AI is a bunch of algorithms that make decisions about data. Those algorithms are just math and code. The math usually includes linear algebra, calculus and probility – stuff that a lot of people studied in college and then forgot. But the point is, it’s undergraduate-level math for the most part, not rocket science.
For a high-level understanding of AI and its function, we don’t even have to know which algorithms are involved. They just make predictions about something you care about. Below, we’re going to look at a machine learning example. (Go here for an understanding of the differences between the terms AI, machine learning and deep learning.)
For example, you might want to know who is entering your house. That’s the outcome you care about. Once we know that, we have strategic clarity about what you want to use AI for. That’s the first step.
The second step is to find out whether you have data that correlates with what you want to predict. In this case, you might want images of people entering your house.
To gather that data, you install a camera at the door to take a picture of anyone on the stoop.
You want to predict the identity of the person at the door. The data that correlates with those predictions are the images taken by the camera. But there’s one more step.
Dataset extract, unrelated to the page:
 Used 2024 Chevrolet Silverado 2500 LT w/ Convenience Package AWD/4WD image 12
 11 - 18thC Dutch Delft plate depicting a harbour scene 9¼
Algorithms, especially machine-learning algorithms, learn correlations. That is, if you give them the outputs (names) and the inputs (pixels in the image), they will find the rules that correlate the pixels representing a certain face with a certain name. That will be able to say: “Those pixels look like Bob.”
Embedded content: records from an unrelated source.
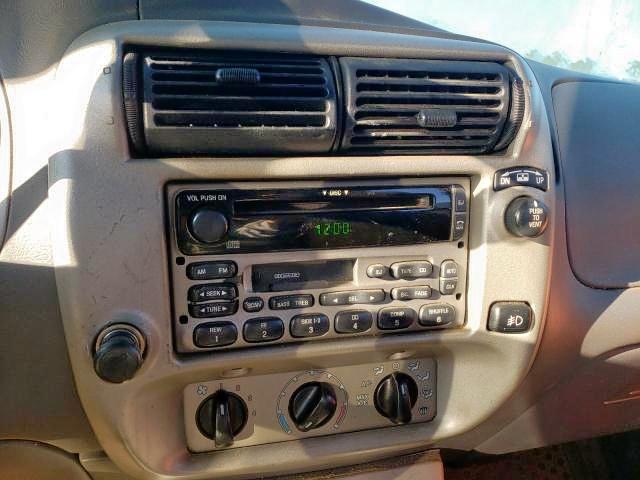 Photo 9 from auction – 2001 FORD EXPLORER S with VIN 1FMZU67E71UB88215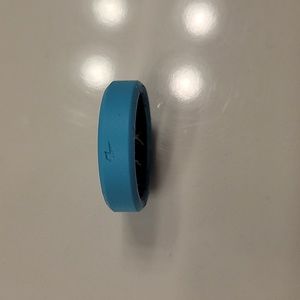 Like New Groove Life Ring (size 7)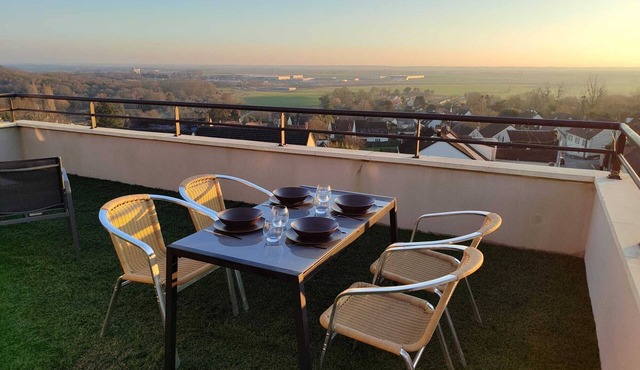 Le Panorama, 15 minutes from CDG, between Eurodisney and Parc Astérix.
But first, you need to teach the algorithm to make those predictions. You need to give the algorithm a labeled data set. The dataset are the images of all the people who come to your house. The labels are their names. So all the pictures would have a name attached to them – Bob, Rachel, Alice, Alfred, you name it – and the algorithm would look at the data and learn to predict the name that goes with each face.
This is the training stage of a machine learning algorithm, and machine learning is a powerful sort of AI. When it starts training, the algorithm knows nothing. It starts out dumb. You feed it the data, it makes a random guess about the answer that’s usually wrong, and then, because you know the real name that should be attached to every image, you measure how wrong the algorithm was. Then you use that measurement of error to adjust the algorithm, again and again over millions of attempts, until finally it starts guessing right.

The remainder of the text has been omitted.